This article was originally printed on Jspace News on May 24, 2013.
When Israeli actress and model Gal Gadot beat out six other candidates for the role of Gisele Harabo in “Fast & Furious,” she signed on for a hell of a ride. Now in it’s sixth film, the franchise is revving up its engine for a splashy release in theaters nationwide.
But Gadot rose to fame far before “Fast & Furious” brought the car heist genre to the American mainstream. At the age of 19, Gadot won the Miss Israel title, and went on to represent the Jewish state at the 2004 Miss Universe pageant. From there, Gadot launched a successful modeling career, becoming Castro’s leading model in 2008. Making the jump to acitng, Gadot has held roles in Israeli and American films, from “Bubot” (2008) to “Date Night” (2010) and “Knight and Day” (2010). In the latest “Fast & Furious,” which critics are calling a thrilling ride, Gadot’s Gisele Harabo joins the team once more to pursue an organization of villainous mercenary drivers in exchange for a full pardon.
Jspace News caught up with Gal Gadot via email to learn more about the latest film, becoming a working mother, and representing Israel on the global stage.

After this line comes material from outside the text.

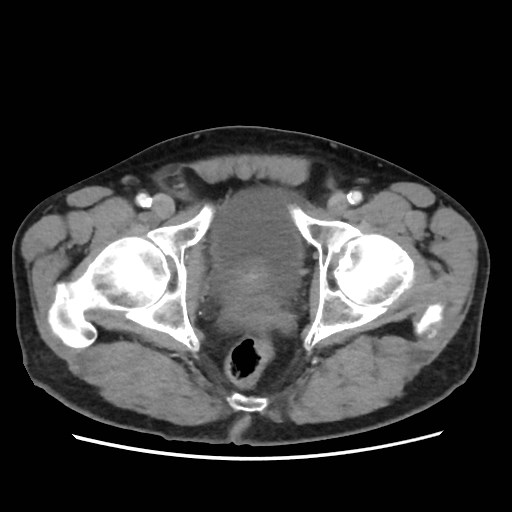 File:Cecal mass causing appendicitis (Radiopaedia 59207-66531 A 84).jpg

Jspace: This is your third appearance as Gisele Harabo in the “Fast & Furious” series. How did it feel to return to the character?

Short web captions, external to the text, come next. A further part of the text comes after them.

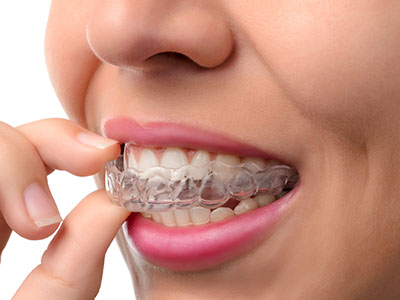 Keith A. Kye, DDS, FAGD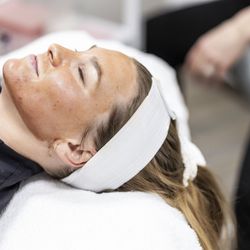 Facial Aesthetics - Facial Aesthetics Monument Colorado Chemical Peel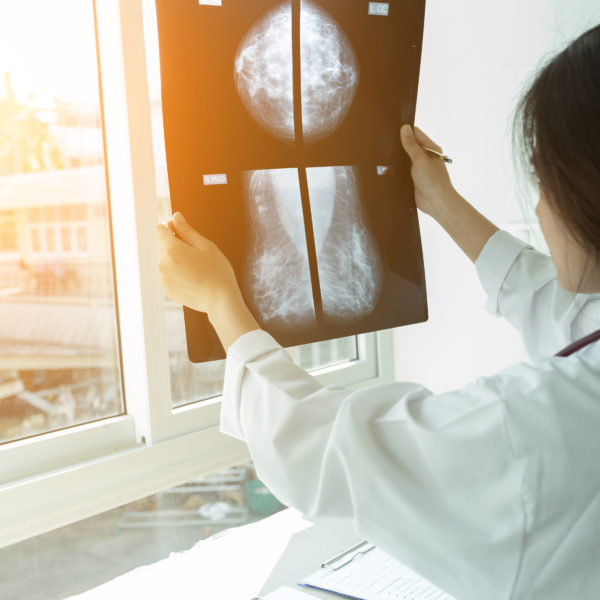Cancer du sein métastatique : quelle approche thérapeutique ?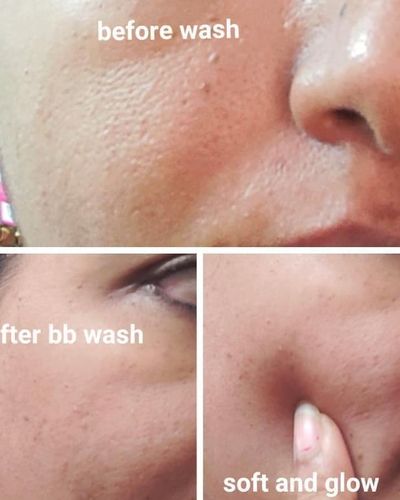 Pigmentation & Skin Brightening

Gal Gadot: It was great coming back to the set. It felt like a family reunion! The very first film, we all became great friends. In “Fast & Furious,” the fourth film, we were all single. By “Fast Five” we had all gotten married, and during “Fast & Furious 6” everyone came to set with babies!
What was the hardest part about filming “Fast & Furious 6”?
The hardest part was actually the last day of shooting. After being together for four months, we have to say goodbye—but it was really more like, “See you later!”
What reactions are you getting from fans about your role as Gisele?
The reactions are amazing. Clearly, this franchise has a lot of loyal fans and I don’t take that for granted. The fans really like the car heist narrative, but more than anything, they care about the characters. For me, as an actress, I feel a lot of responsibility to show Gisele as a role model for young girls. I wanted to show that women are empowered and strong, and don’t necessarily have to be saved by some male hero, but they can take care of themselves using their intelligence and their power.
Has it been difficult to go on the road, shooting and promoting the film with a young child at home?
I actually got to bring my daughter, Alma, along! It has been an amazing family road trip. I feel incredibly privileged to be able to travel the world with my family.
What are the differences between working in Israel and in the US?
The only real difference is budget. In Israel, the budgets are tiny compared to the US. But because of this limitation, the content and the level of creativity in Israel is much higher.
Do you feel as if you are representing Israel in your professional life?
I don’t see myself as an ambassador or anything, but I defiantly talk a lot about Israel and invite the people I meet to come and visit. There are a lot of misconceptions about Israel and it’s very important to me that people know that Israel is a beautiful place with great history and culture.